#### EXERCISE
Restate the listing below word for word, and leave its pictures behind.

#### PROVIDED MATERIAL
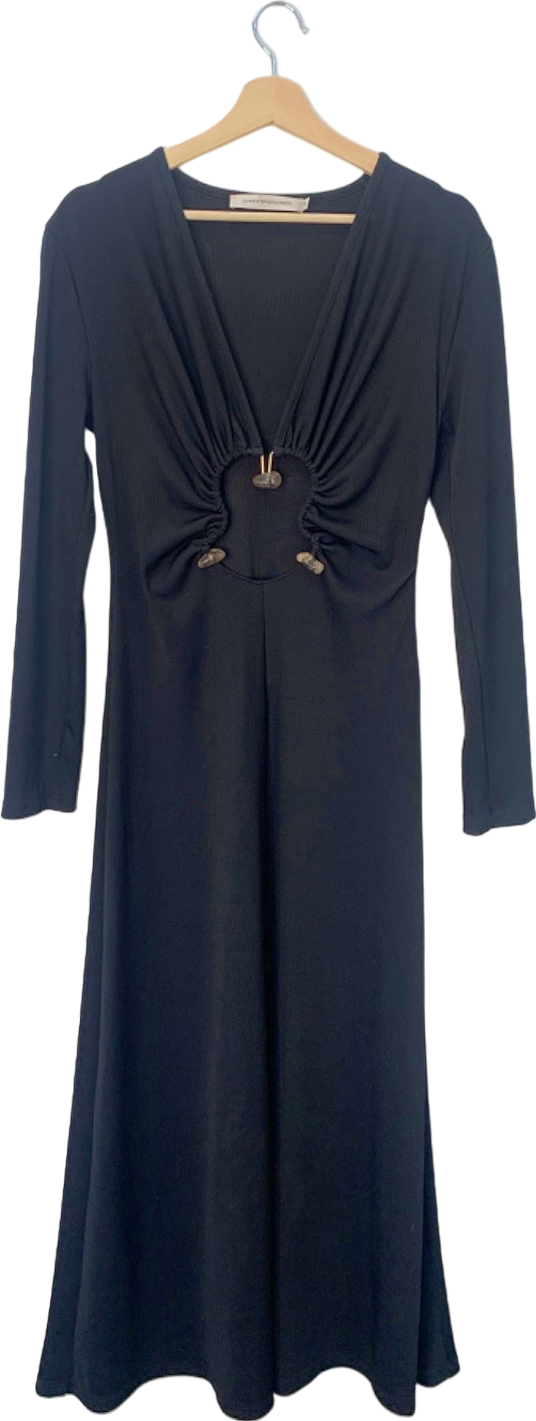 Christopher Esber Black Ruched Cut-out Midi Dress UK 10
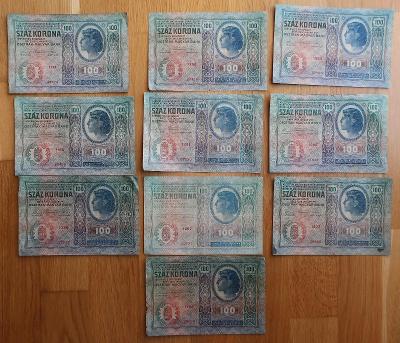 100 korun 1912 bez přetisku, 10 ks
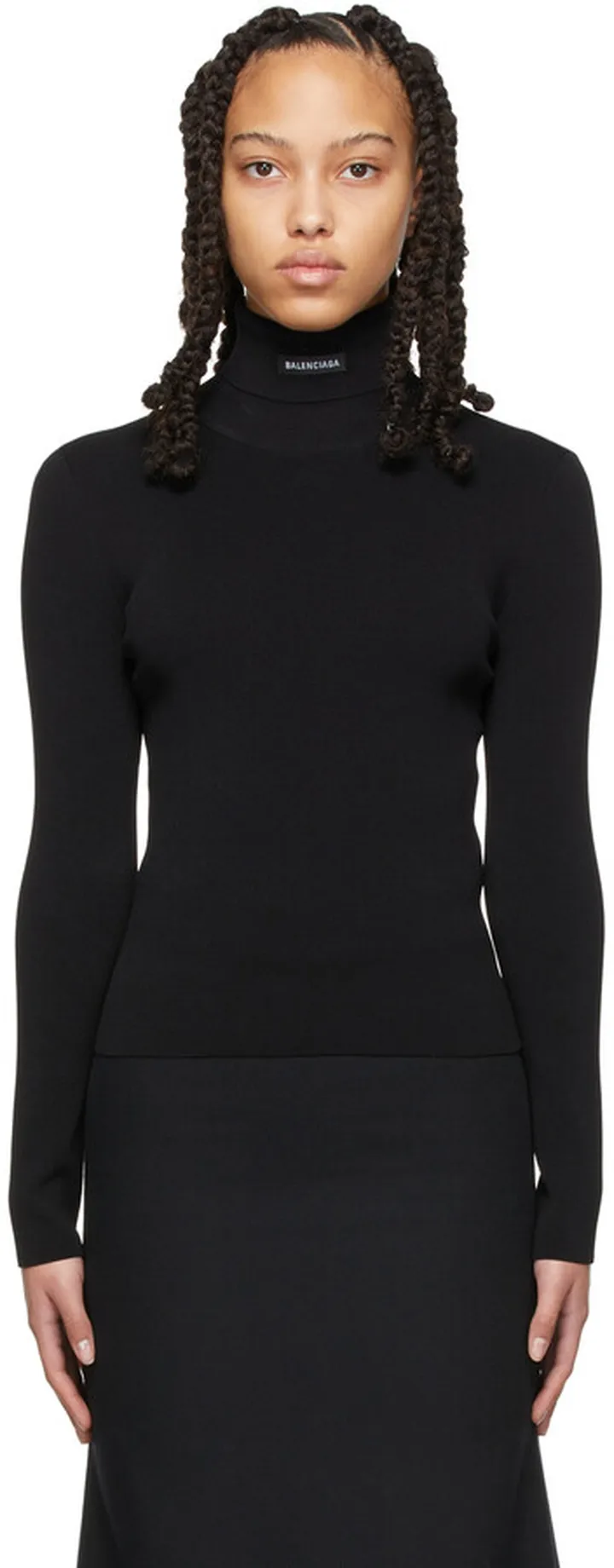 Balenciaga Black Fitted Turtleneck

#### SOLUTION
 Christopher Esber Black Ruched Cut-out Midi Dress UK 10
 100 korun 1912 bez přetisku, 10 ks
 Balenciaga Black Fitted Turtleneck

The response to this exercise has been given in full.